Too often ‘artificial intelligence’ is an overloaded term that many companies co-opt to sell a product or service that’s actually not using machine learning or anything more than traditional sequential programming. It may not be as lucrative as slapping “blockchain” onto your product but it’s close. As a result, the unsophisticated technology consumer must have the impression that artificial intelligence is much further along than it is. Anecdotally, I have found that many of my friends and family who aren’t steeped in technology consequently have extremely high expectations of their smart speakers and personal digital assistants, throwing complex queries and conversational quips at them.

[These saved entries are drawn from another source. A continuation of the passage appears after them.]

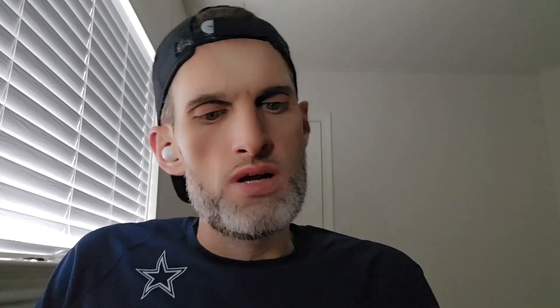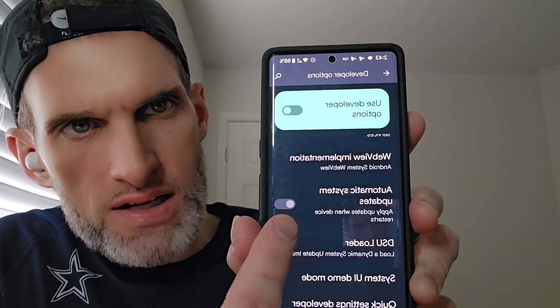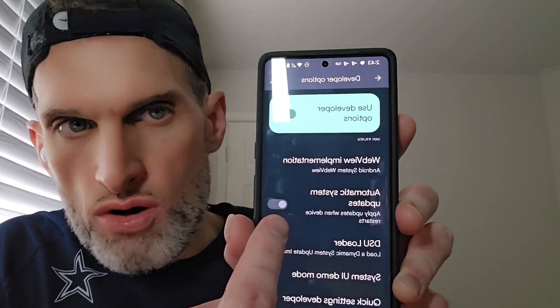Go to Settings, then System, then Developer Options. If you don't have Developer Options enabled, go to Settings > About Phone, scroll down to Build Number and tap it seven times quickly — that activates Developer Options. Then go back to Settings > System > Developer Options and find 'Automatic System Updates' — make sure that is not selected so it won't automatically enroll you in a beta program you don't want.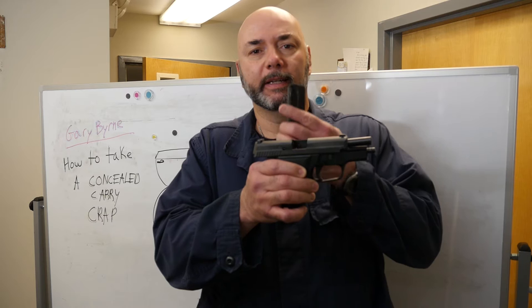First I want to show you that I have an unloaded pistol, the slide is locked to the rear, there's nothing in the magazine, nothing in the chamber, and I have an empty magazine.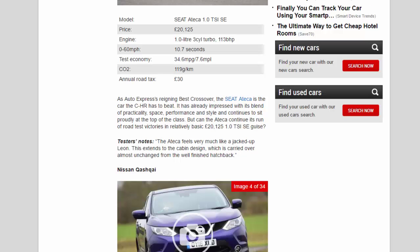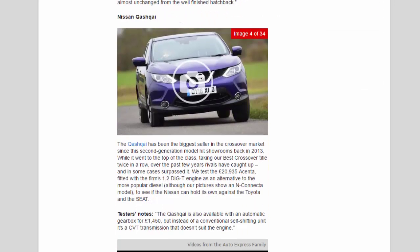Nissan Qashqai. The Qashqai has been the biggest seller in the crossover market since the second-generation model hit showrooms back in 2013. While it went to the top of the class, taking our best crossover title twice in a row, over the past few years rivals have caught up and in some cases surpassed it. We test the £20,935 Acenta, fitted with the firm's 1.2 DiG-T engine as an alternative to the more popular diesel, although our pictures show an N-Connecta model, to see if the Nissan can hold its own against the Toyota and the Seat. Tester's notes: the Qashqai is also available with an automatic gearbox for £1,450, but instead of a conventional self-shifting unit it's a CVT transmission that doesn't suit the engine.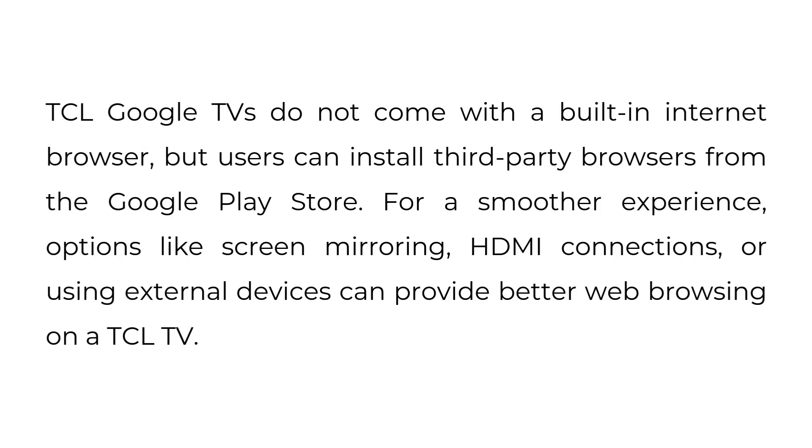TCL Google TVs do not come with a built-in internet browser, but users can install third-party browsers from the Google Play Store. For a smoother experience, options like screen mirroring, HDMI connections, or using external devices can provide better web browsing on a TCL TV.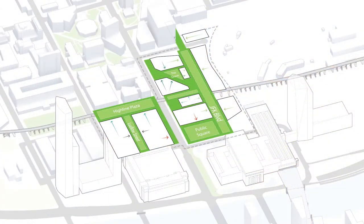Schuylkill Yards is a network of public spaces, each with its own distinctive characteristics, yet unified by the transformative power of nature in the urban environment.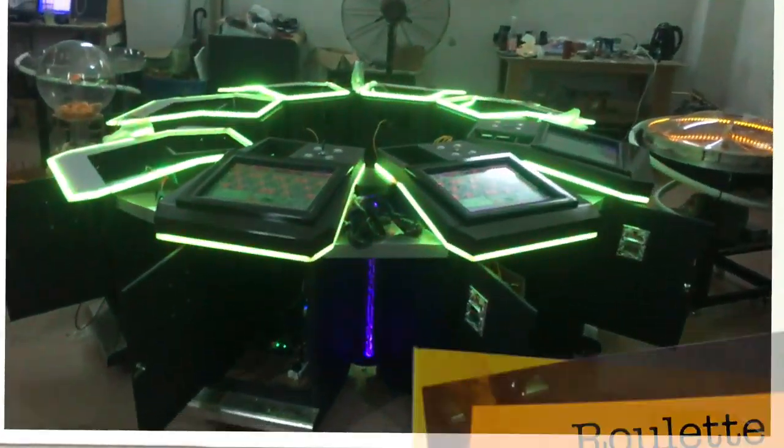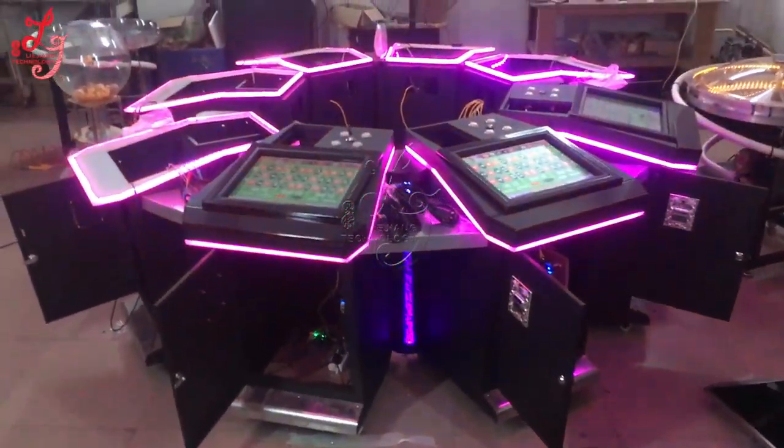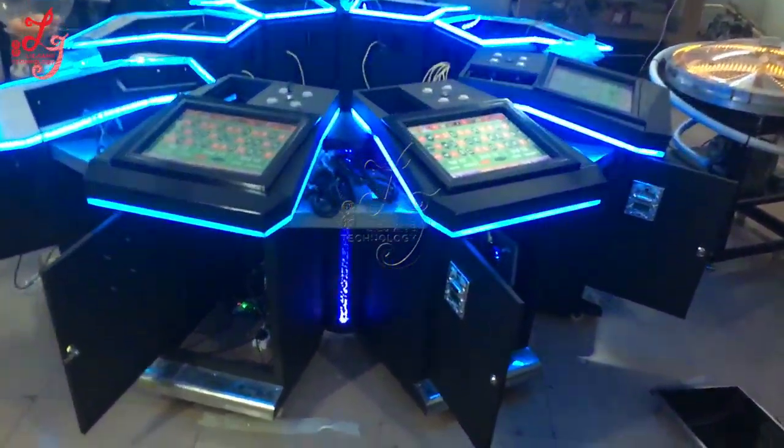Hi, this is Chris. This is a 1x1 house. This is an 8 player roulette machine. We are building it.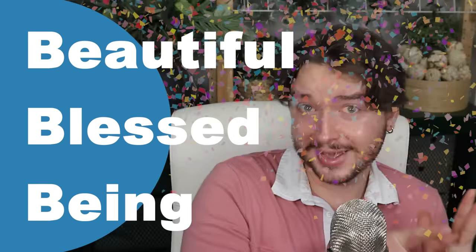Stay being yourself. Thank you guys for watching. Goodbye. Always stay being yourself.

Artificial intelligence as a concept also breaks down into narrow AI and artificial general intelligence (AGI). Narrow AI is the sort of AI that we have today: intelligent systems that are adapted to a very specific application. For example, software that’s good at playing Go or filtering email spam but nothing else. AGI is the aspirational form of AI that resides primarily in the public mind, where androids like David from the movie Prometheus or replicants from Blade Runner are able to respond intelligently in most situations, much like a human would (excluding the emotional content). AGI suggests a certain level of self-awareness, a sort of computer consciousness. Although many large technology companies may have AGI on their long-term roadmaps, few companies are working toward AGI in a serious way. Nevertheless, most computer scientists think that we’ll see some form of AGI between the years 2030 and 2100.

Some researchers, such as Google’s futurist Ray Kurzweil, think that AI will eventually reach a point where its intelligence accelerates well beyond general (human) intelligence into artificial super intelligence. Kurzweil has predicted that “we are only 28 years away from the Rapture-like ‘Singularity’ — the moment when the spiraling capabilities of self-improving artificial super-intelligence will far exceed human intelligence, and human beings will merge with A.I. to create the ‘god-like’ hybrid beings of the future.” Kurzweil sees this as a positive development.

But there is a lively debate about the potential threats to society posted by AGI. Kurzweil thinks that we are accelerating toward a future in which AGI will usher in a utopian world where human and machine intelligence merge and spread throughout the universe. Others are less optimistic. Many of the concerns expressed by people like Elon Musk, Bill Gates, and the late Stephen Hawking are focused on the existential risks posed by AGI. Last year Stephen Hawking said that:

Success in creating effective AI could be the biggest event in the history of our civilization. Or the worst. We just don’t know. So we cannot know if we will be infinitely helped by AI, or ignored by it and sidelined, or conceivably destroyed by it.

On this blog, I’ll be talking about both narrow and general AI, and exploring some of these meaty questions about AI’s potential impact on society and the human race.

Now that I have defined some terms, we can move on to a further exploration of the field.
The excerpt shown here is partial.